### Exercise brief
Return exactly the lines from the start of the records below through the line containing "BMW 5-Series 2024", both ends included, and leave out the pictures.
BEGIN Dataset excerpts
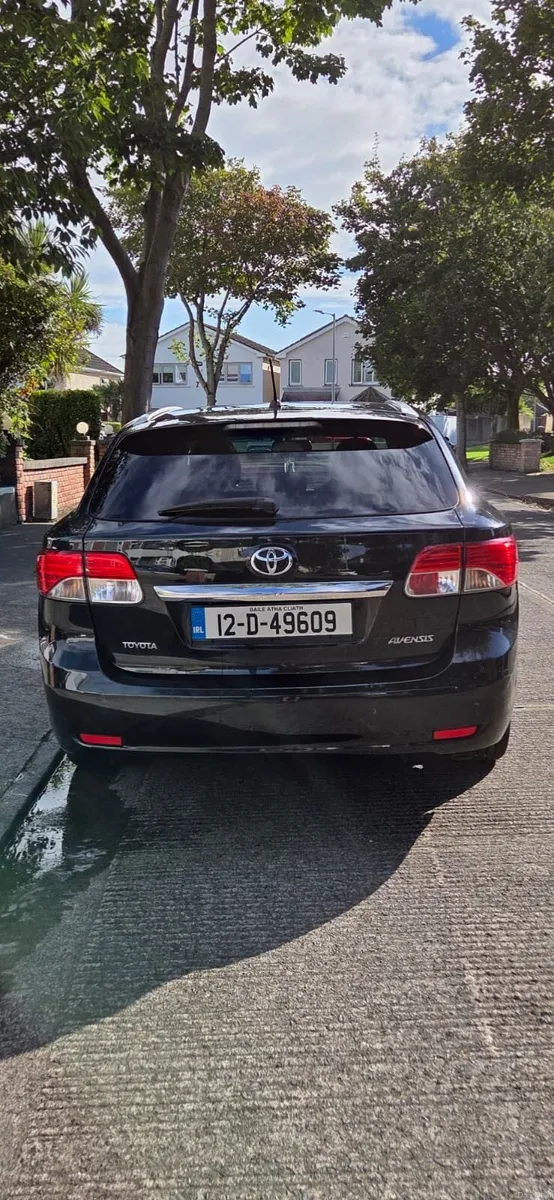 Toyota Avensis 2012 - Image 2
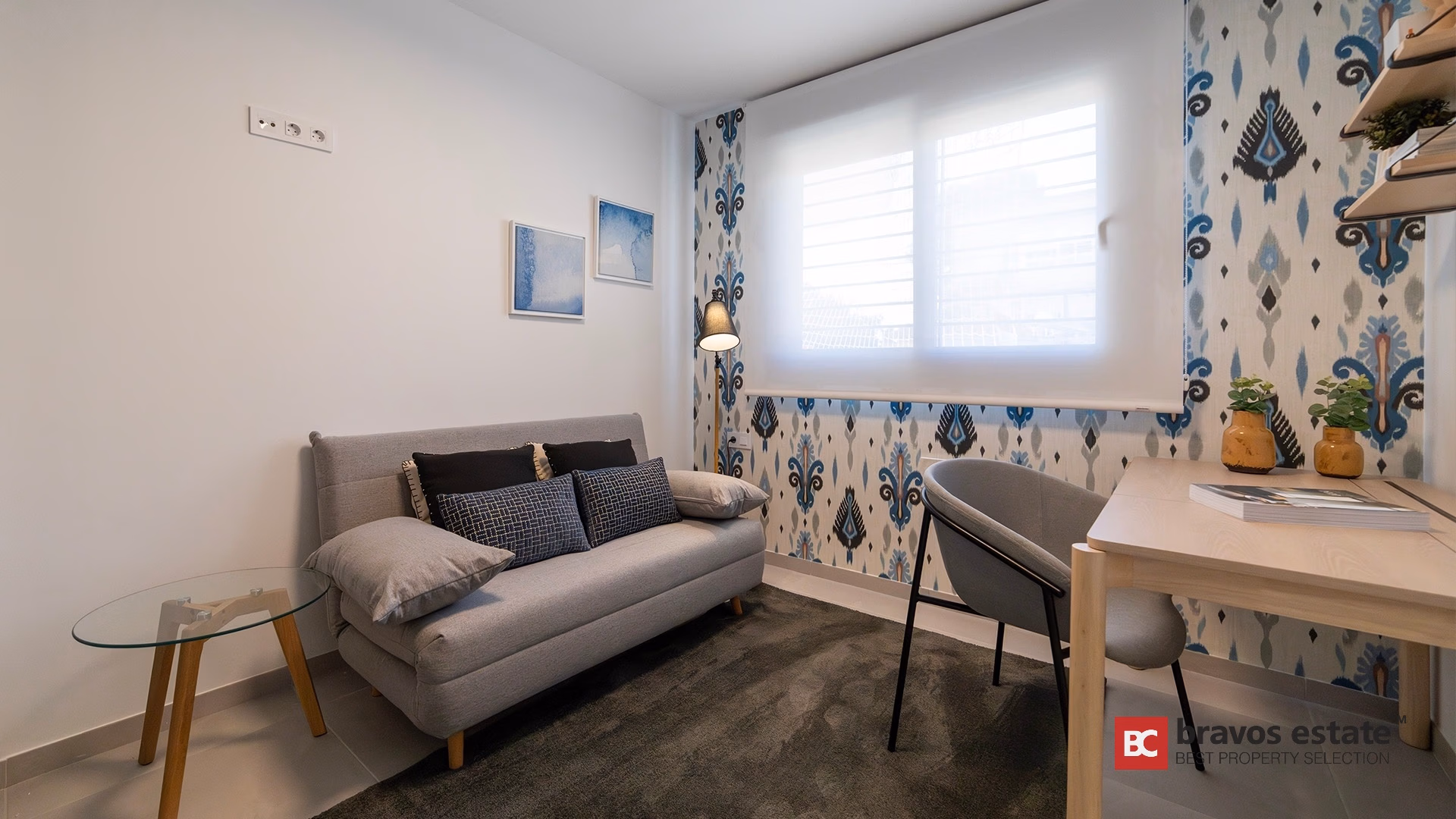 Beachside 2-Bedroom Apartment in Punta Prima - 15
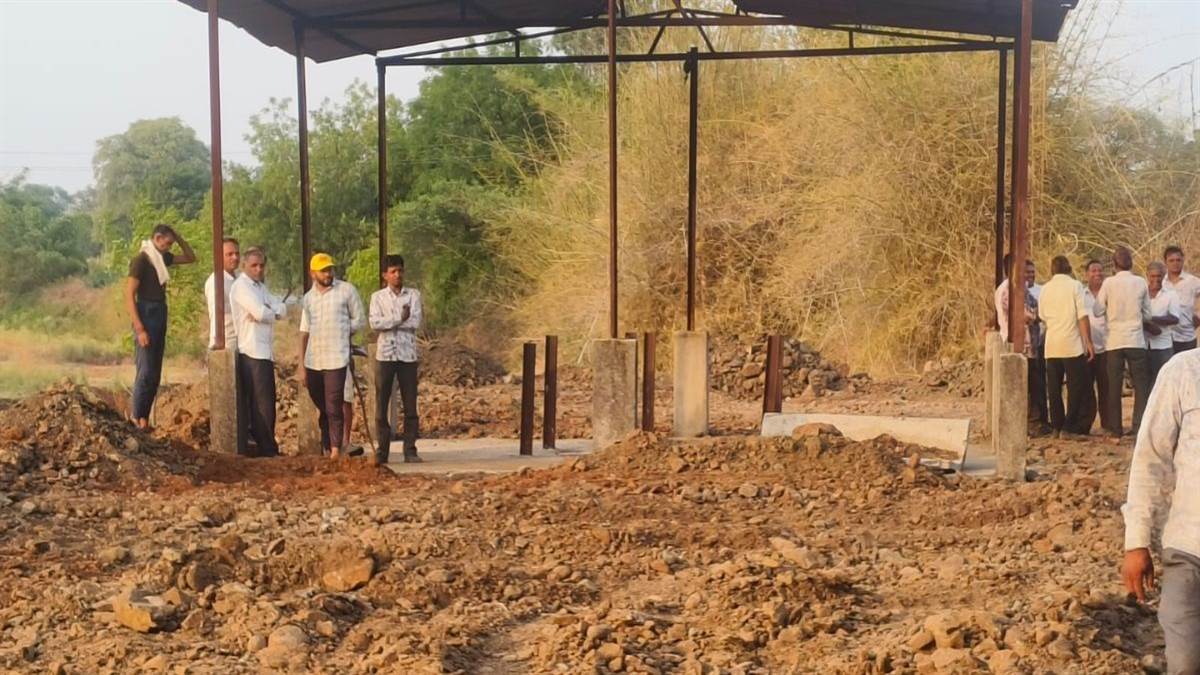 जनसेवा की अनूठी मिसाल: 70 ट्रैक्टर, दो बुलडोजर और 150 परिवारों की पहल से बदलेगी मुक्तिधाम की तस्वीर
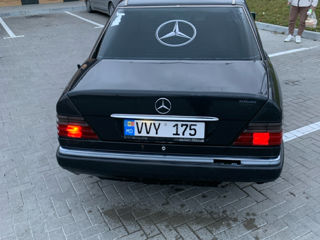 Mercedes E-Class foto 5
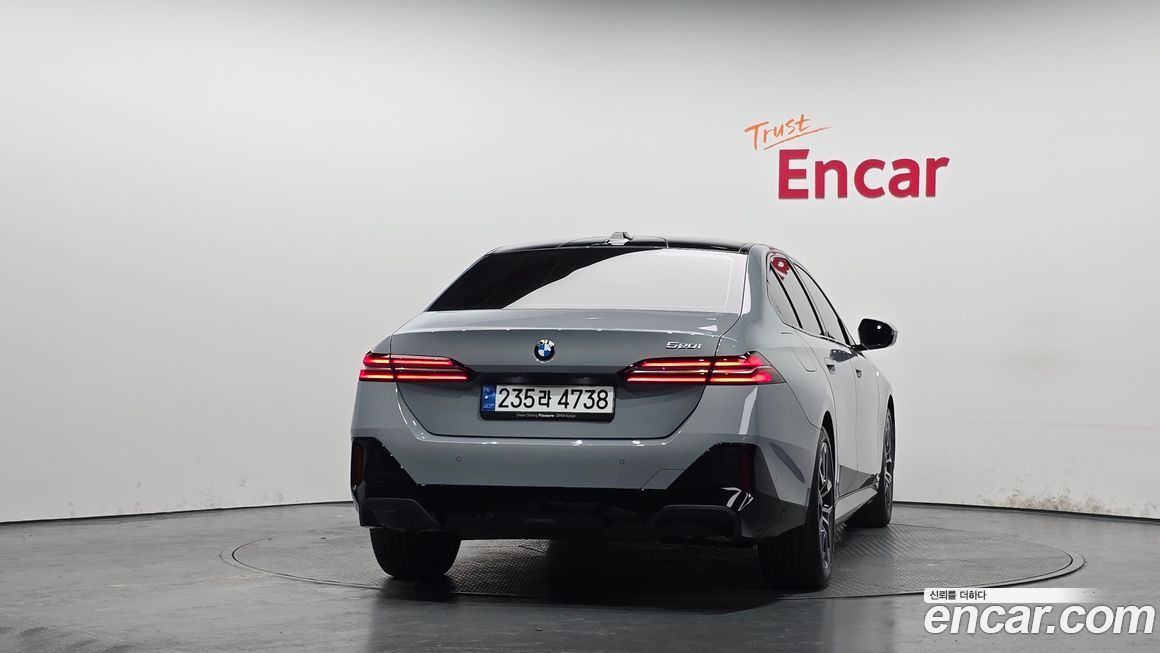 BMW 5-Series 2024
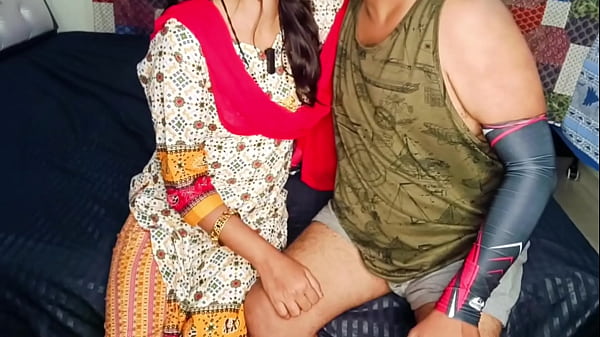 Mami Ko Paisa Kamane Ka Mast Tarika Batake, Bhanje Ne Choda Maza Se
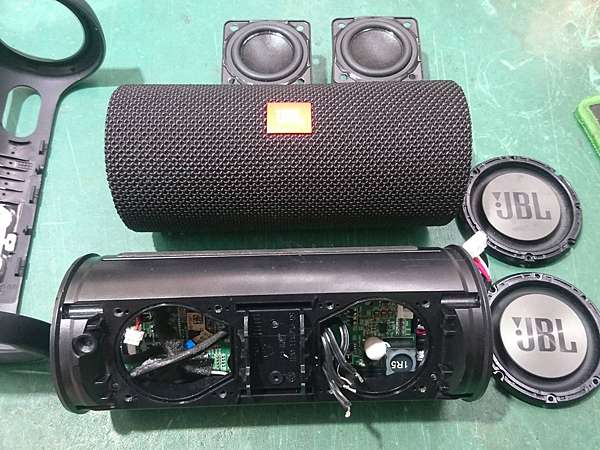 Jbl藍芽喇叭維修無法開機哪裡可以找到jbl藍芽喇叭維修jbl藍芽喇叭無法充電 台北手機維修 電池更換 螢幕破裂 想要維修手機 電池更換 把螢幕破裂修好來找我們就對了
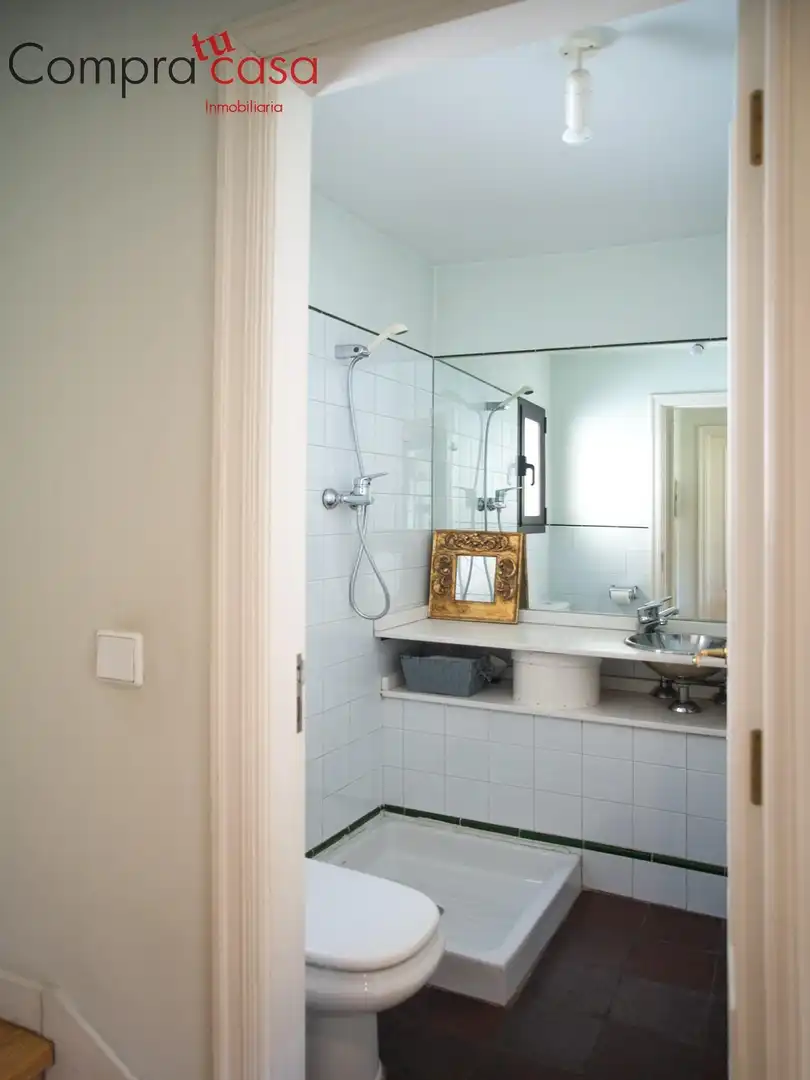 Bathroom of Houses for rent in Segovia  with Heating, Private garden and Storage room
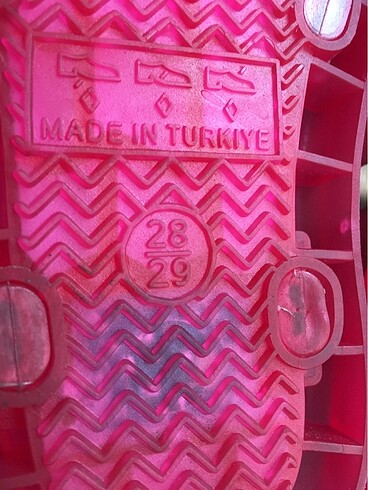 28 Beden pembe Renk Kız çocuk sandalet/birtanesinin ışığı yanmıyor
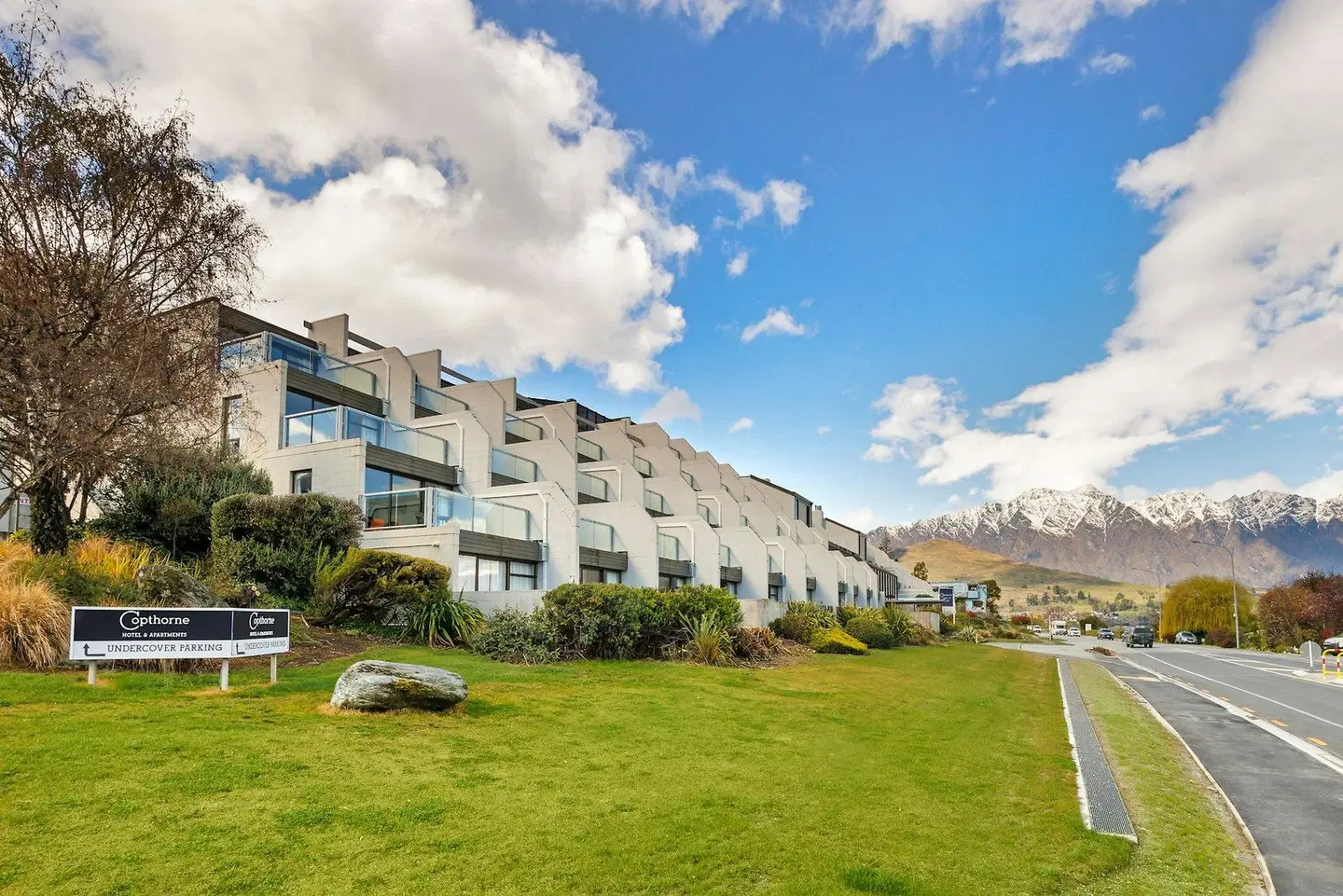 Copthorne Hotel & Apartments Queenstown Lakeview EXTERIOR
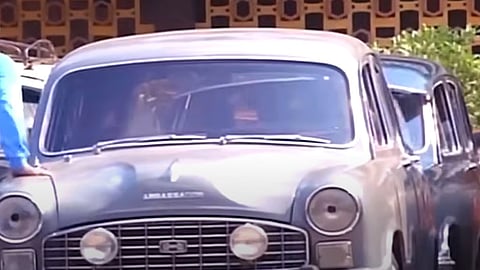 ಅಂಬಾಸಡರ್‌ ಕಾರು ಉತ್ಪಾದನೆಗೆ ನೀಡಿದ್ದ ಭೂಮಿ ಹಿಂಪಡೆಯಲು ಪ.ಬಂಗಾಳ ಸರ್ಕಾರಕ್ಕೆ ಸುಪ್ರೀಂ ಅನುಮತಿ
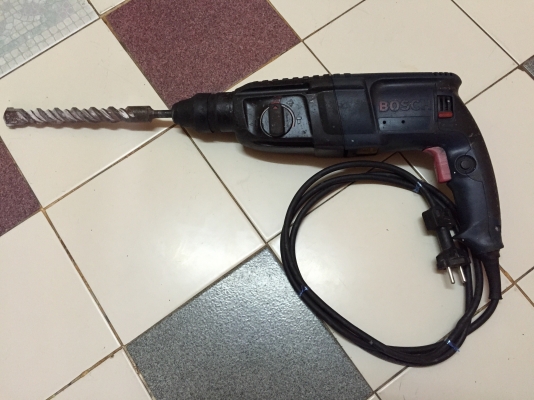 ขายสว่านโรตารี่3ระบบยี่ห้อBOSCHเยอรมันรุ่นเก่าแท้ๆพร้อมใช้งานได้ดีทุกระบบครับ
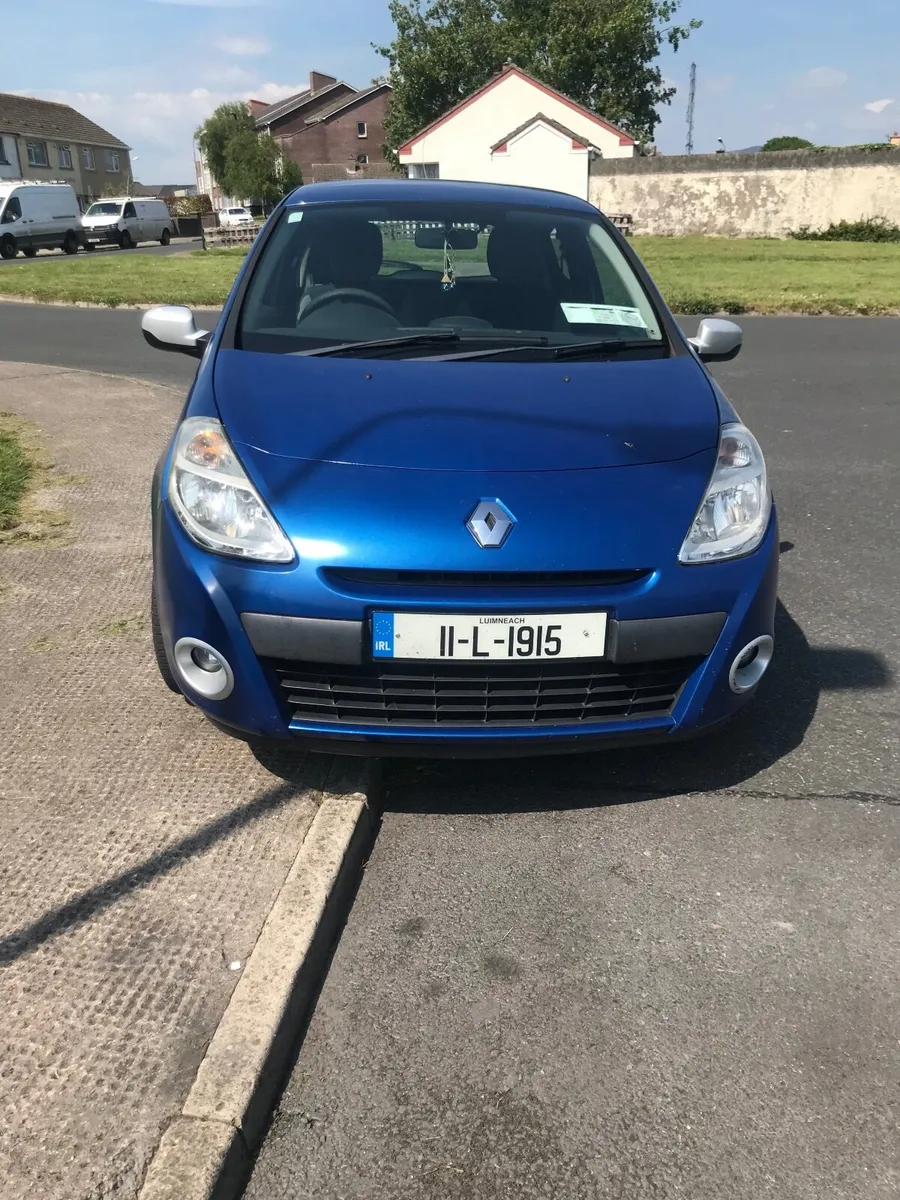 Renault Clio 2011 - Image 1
END Dataset excerpts
### Response to this exercise
 Toyota Avensis 2012 - Image 2
 Beachside 2-Bedroom Apartment in Punta Prima - 15
 जनसेवा की अनूठी मिसाल: 70 ट्रैक्टर, दो बुलडोजर और 150 परिवारों की पहल से बदलेगी मुक्तिधाम की तस्वीर
 Mercedes E-Class foto 5
 BMW 5-Series 2024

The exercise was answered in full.